Even bullies can have a change of heart.

When it comes to obesity drugs, there's really no better way to describe the Food and Drug Administration recently than as a bully. Over the course of four months, the agency tormented obesity-drug makers with three separate rejections -- VIVUS' (Nasdaq: VVUS) Qnexa, Arena Pharmaceuticals' (Nasdaq: ARNA) lorcaserin, and Orexigen's (Nasdaq: OREX) Contrave -- and pulled a fourth -- Abbott Labs' (NYSE: ABT) Merida --- off the market. Then the agency bullied the rejected biotechs a little more, increasing the list of things they had to do to get their drugs approved, which includes conducting unrealistic clinical trials.
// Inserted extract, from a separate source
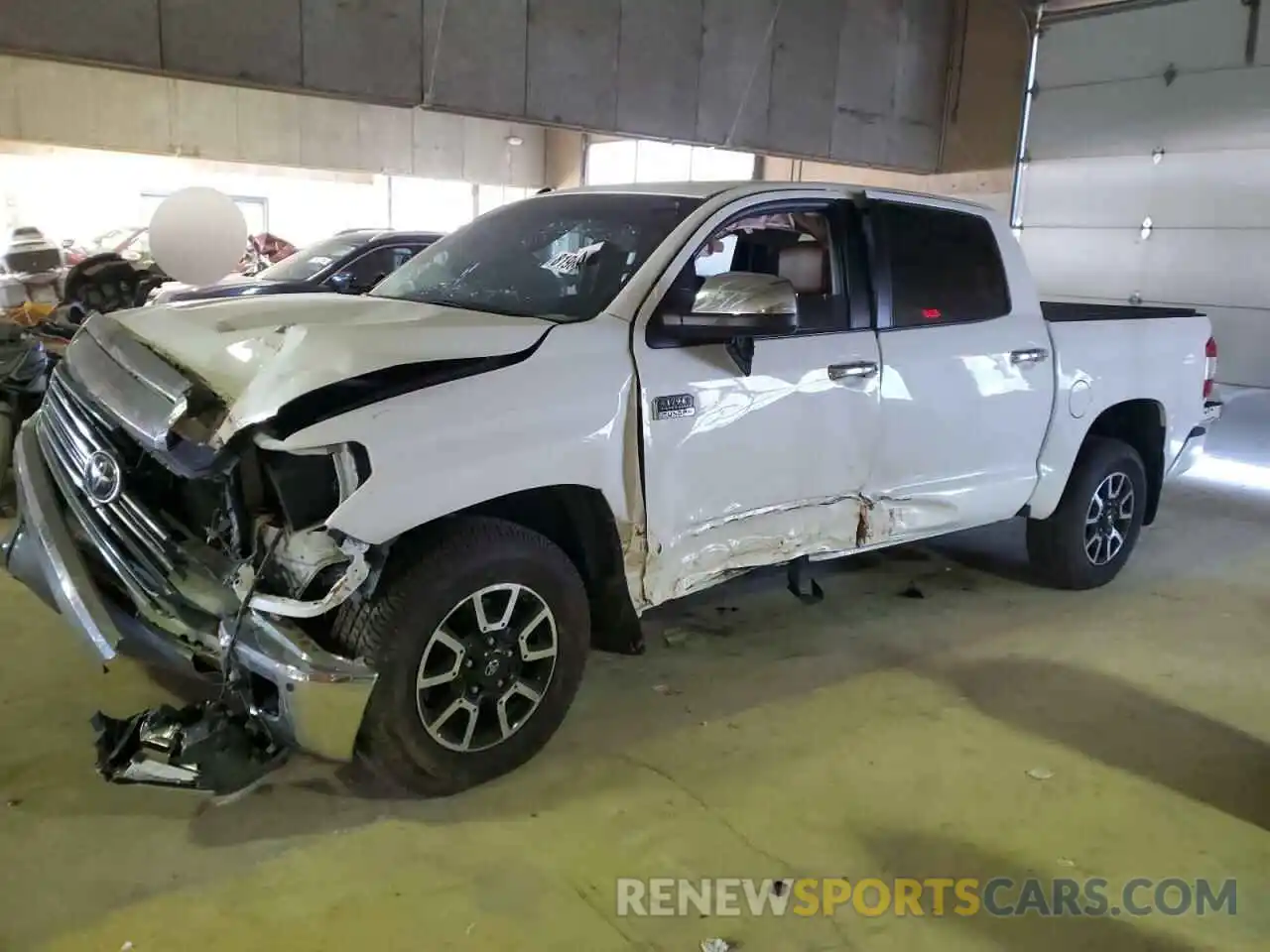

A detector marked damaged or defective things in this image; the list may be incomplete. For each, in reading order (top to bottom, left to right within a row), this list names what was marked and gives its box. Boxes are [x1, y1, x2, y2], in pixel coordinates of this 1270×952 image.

But the agency seems to be having a change of heart. Rather than treat obesity treatments as lifestyle drugs that need a perfect bill of health on the safety side to gain approval, the agency seems to be acting somewhat reasonably -- at least according to the companies.

Last week, VIVUS said it had reached an agreement with the FDA to allow it to apply for approval in just men and women without child-bearing potential while it waits for data on whether the drug adversely affects fetuses.

And then yesterday Orexigen said the agency has agreed to a much smaller clinical trial than the 60,000-to-100,000-patient trial the agency had originally asked for. The new trial design will require less than 10,000 patients and could read out in less than two years.

So where does this leave VIVUS, Arena, and Orexigen? While prospects for approval are looking better than they were a few weeks ago, investors certainly aren't convinced that the chance of an FDA approval is as high as it was before the rejections.

Company

2010 High

Opening Price Today

Decrease

VIVUS

$13.68

$8.80

(36%)

Arena Pharmaceuticals

$8.00

$1.57

(80%)

Orexigen

$11.15

$2.55

(77%)

Source: Yahoo! Finance.

That seems about right to me; VIVUS isn't as dependent on Qnexa since it also has an erectile dysfunction drug in the works. There's just not that much to get excited about here. Obesity drugs are still relative long shots being developed by companies that may have to raise more cash between now and an approval.

The bully may have seen the light of day, but its targets are still stuck in a locker with their shorts pulled over their heads.